Never Say “Click” – Good Cucumber System Testing Practices

I recently found myself making updates to an application that had a bad system test suite. It wasn’t bad because it was incomplete. It wasn’t bad because it was unreliable. It wasn’t slow, or ugly any of those things – it was just brittle. If one simple rule was followed when the suite was written originally, it would have been much better.

That rule is: *Never say “click”*.

In fact, in your cucumber features you probably shouldn’t say “follow”, or “press”. Don’t ever type “check”, “uncheck”, “highlight”, “drag” or anything like that either. The problem with writing such very specific steps is that they have a tendency to fail for the wrong reasons. A good test will fail because the feature is broken. A bad test will fail for other reasons.

h2. Writing general tests

Here’s a concrete example:

Suppose I want to test logging in to an application. I could write:

Scenario: Viewing a report
  Given that I am on the home page
  And I follow "Reports..."
  And I select "Time report" from "Report type"
  And I select "Trailing 12 months" from "Report range"
  And I press "Generate"
  Then I should see "Time report for 2010/06 - 2011/05"
  And I should see time ....

Tests like the above are equivalent to telling someone how to spell your name by describing the movements of their pen. It’ll break as soon as they decide to type it.

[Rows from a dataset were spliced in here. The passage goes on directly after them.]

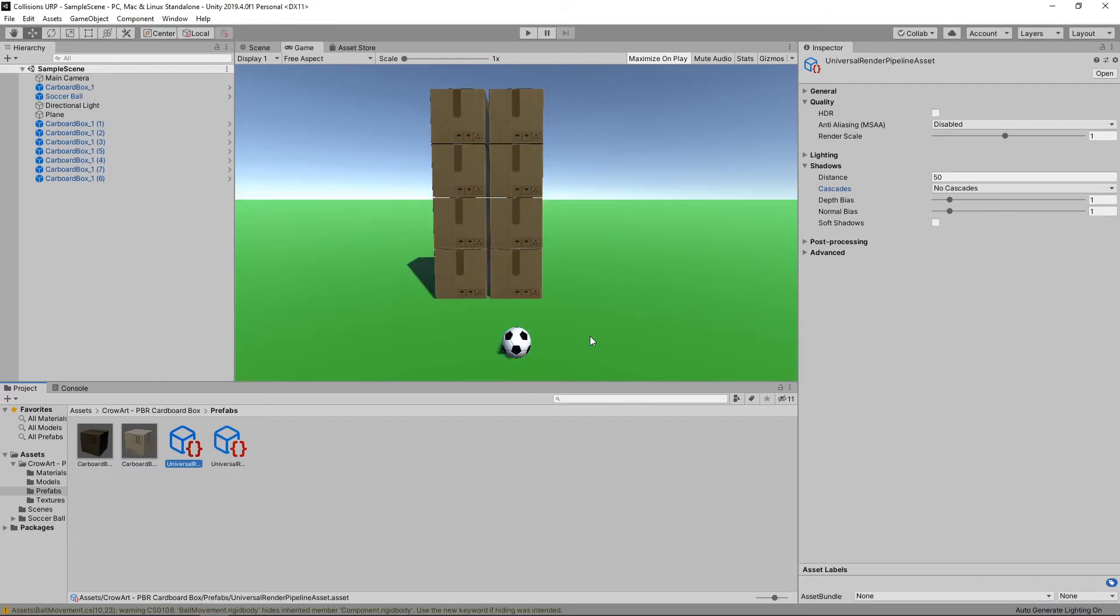That's it! Our project is now using the Universal Render Pipeline, and if we change the quality settings, we can see it change in our scene.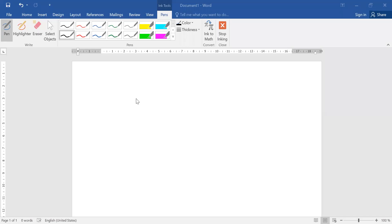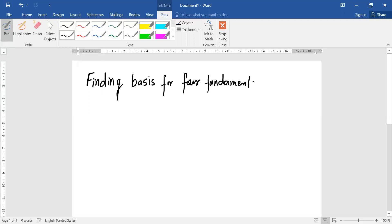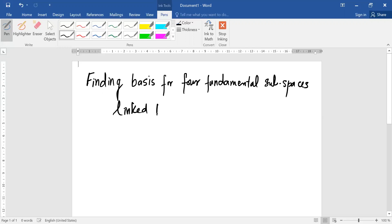Hello everyone, we will be going over lecture number 18. This is a tutorial, as most students asked about how to find the four fundamental subspaces for a given matrix. So the whole idea is that we will be finding these four fundamental subspaces of spaces linked to a matrix.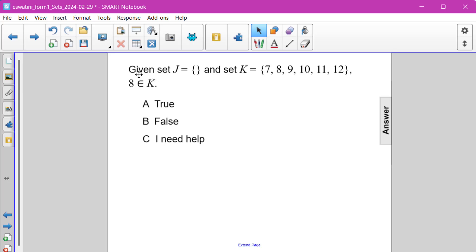True or false? We are given that set J is an empty set and set K consists of the numbers 7, 8, 9, 10, 11, and 12.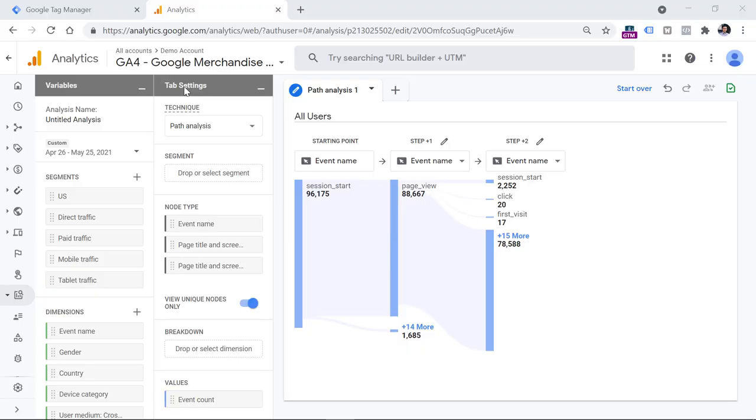In this video, I will show you how to use path analysis in Google Analytics 4. Make sure you watch the entire video because at the end of it, I will share four additional ideas of what you can analyze next with path analysis.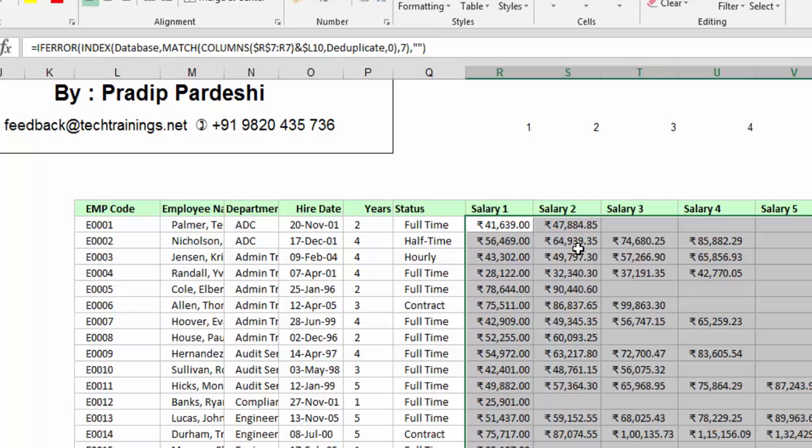So that's how we convert vertical duplicate data into a horizontal layout and fetch the respective salary figures using INDEX, MATCH, COLUMNS, COUNTIF, and IFERROR. In the next video, I'll cover how to look up data on multiple criteria — when your data has no unique field like an employee code, but a combination of fields that together identify a unique record. I hope you've learned something new today. Please leave your comments and suggestions. Thank you very much, take care, bye.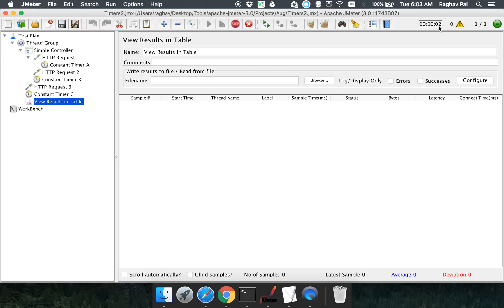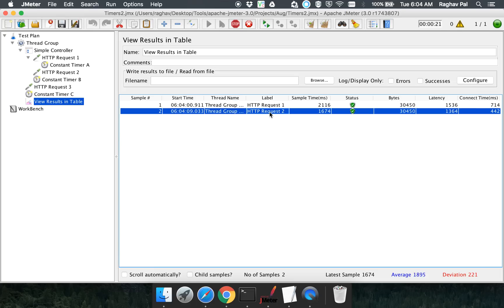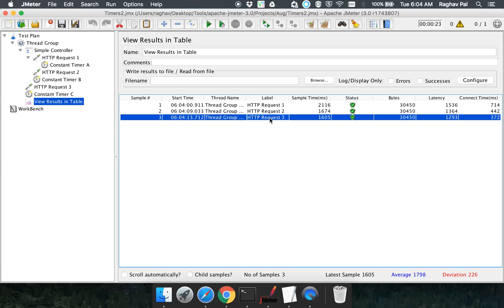Now you can see the test has started. For the first nine seconds they will be delayed, and only after nine seconds we will get request one executed. Then after a delay of six seconds we get request two. And then after a delay of around three seconds we get our third request. This is how you can place constant timers and add delays between your samples.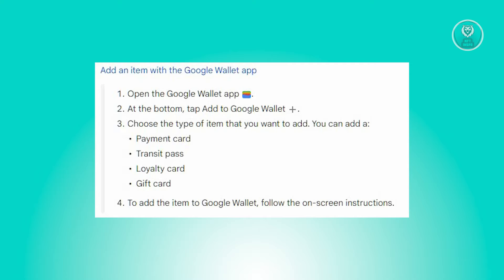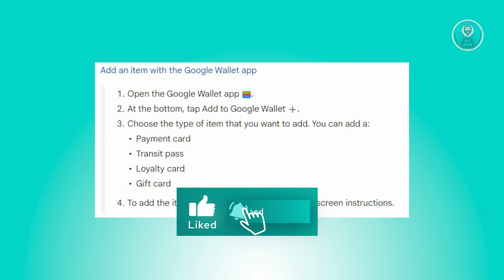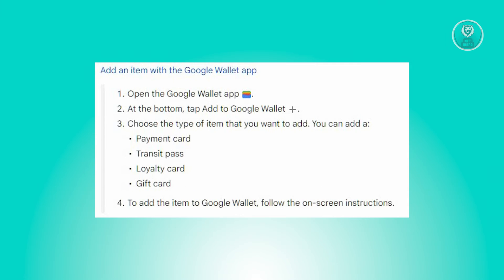Next, you'll be prompted to specify the type of item you wish to include. You have several options to choose from, which include a payment card, transit pass, loyalty card, or gift card. Choose the appropriate one for you.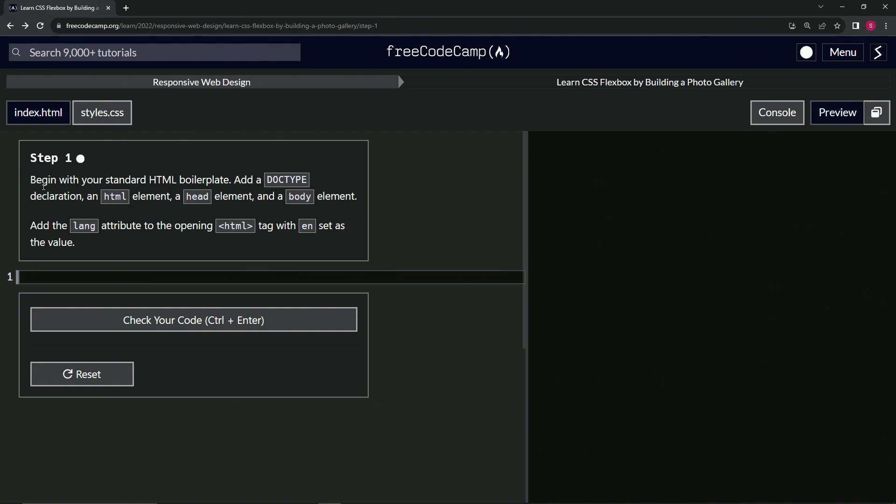All right. So we're going to begin with our standard HTML boilerplate. We're going to add a doctype declaration, an HTML element, a head element, and a body element. Inside the HTML tag, we're going to add the lang attribute with 'en' set as the value.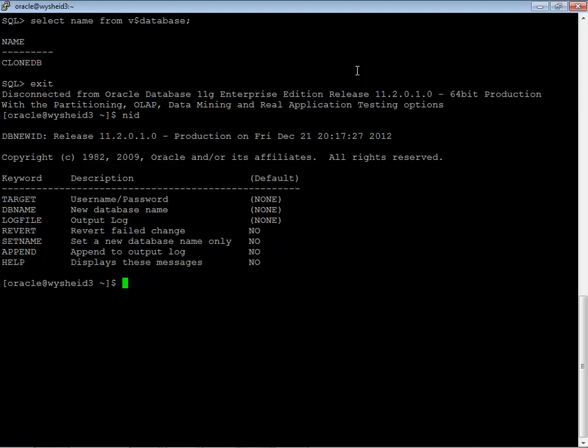Here I have set up, you can see the target is the user name and password and db name is the new database name. And if you wanted the output to be a log file, you can redirect the log file. If you wanted to revert that activity, you can use the revert option. Set name is going to set like if the value is yes for set name, then it is going to change the name of the database alone.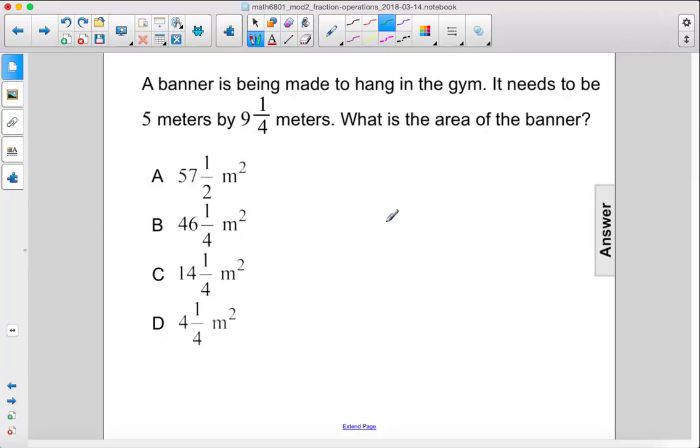A banner is being made to hang in the gym. It needs to be 5 meters by 9¼ meters. What is the area of the banner?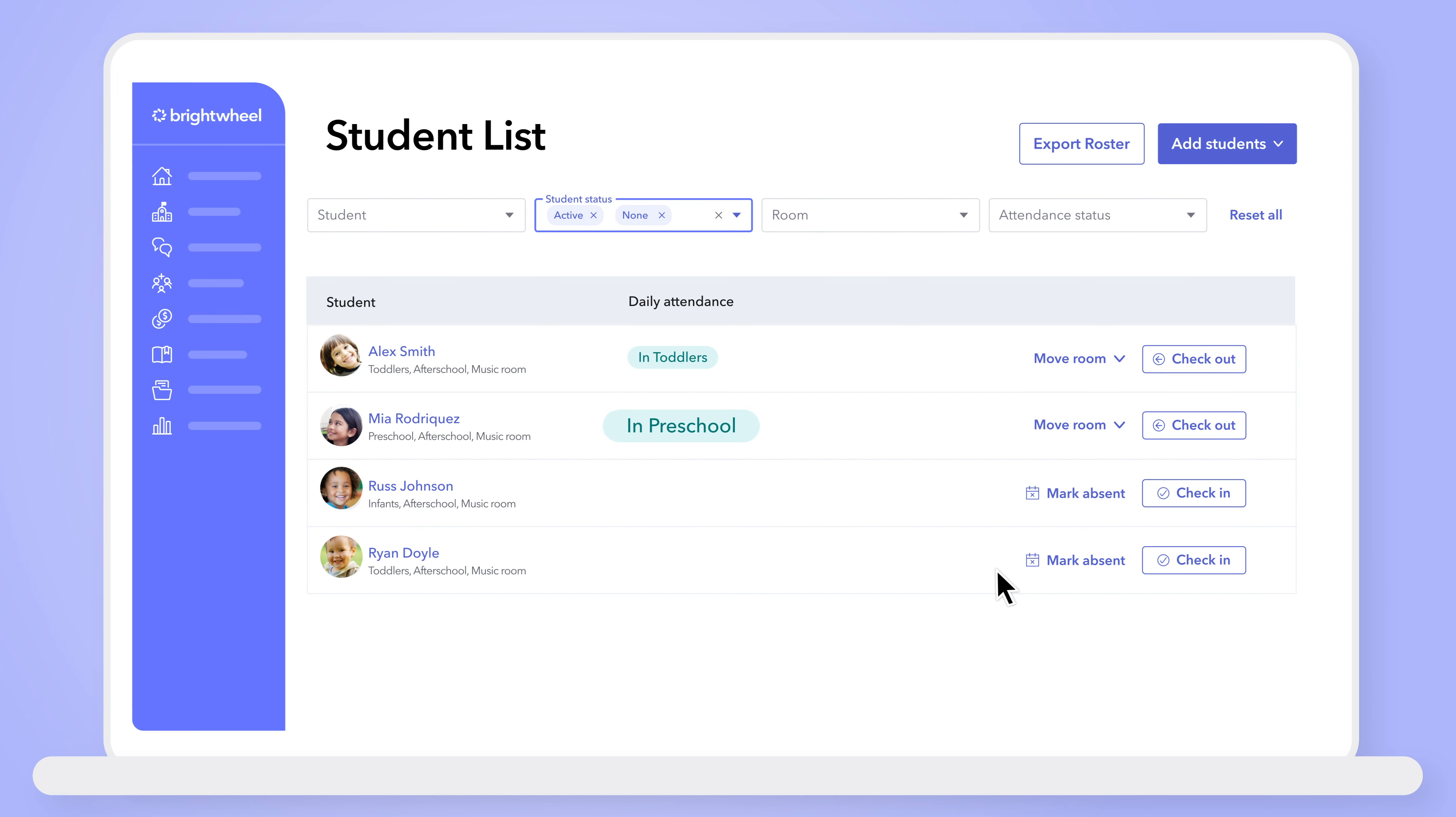You'll see a helpful room tag that shows which room they're checked into. No more wondering where or if students are checked in while in the Brightwheel web app.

Maintaining tests like this is a nightmare because if I change the “reports” link to be a drop-down menu, or perhaps I change the “Report type” select field to be a text field with completion, then the test will break. While we’d prefer our tests don’t break for these sorts of changes, that isn’t always possible. However, we can at least write a test suite where a code update will require a minimal amount of test updates.

Here’s a better test for the above:

Scenario: Viewing a report
  Given that I am on the home page
  When I view the "Time report" for the range "Trailing 12 months"
  Then I should see "Time report for 2010/06 - 2011/05"
  And I should see time ....

These steps are 1) shorter, 2) closer to the business domain, and 3) robust in the face of workflow changes. If the workflow for generating a report in this fictional application changes, then we will only need to update one step definition.

If you always write your tests in your domain language and avoid terms like “click”, “link”, “follow”, “select” and the like, you will be well on your way to a maintainable test suite.

*Edit:* A coworker just pointed me towards “this”:http://collectiveidea.com/blog/archives/2010/09/08/practical-cucumber-scenario-specific-steps/ post, also discussing good cucumber test practices. Interestingly enough, Brandon is arguing precisely the opposite side that I am. He cites two reasons for using the explicit “press”, “follow”, etc style:

* It communicates exactly how the feature works to an end user.
* It makes use of very reusable steps.

Personally, I don’t feel like the first is valuable. My tests are there to validate code, and not to be a user’s manual.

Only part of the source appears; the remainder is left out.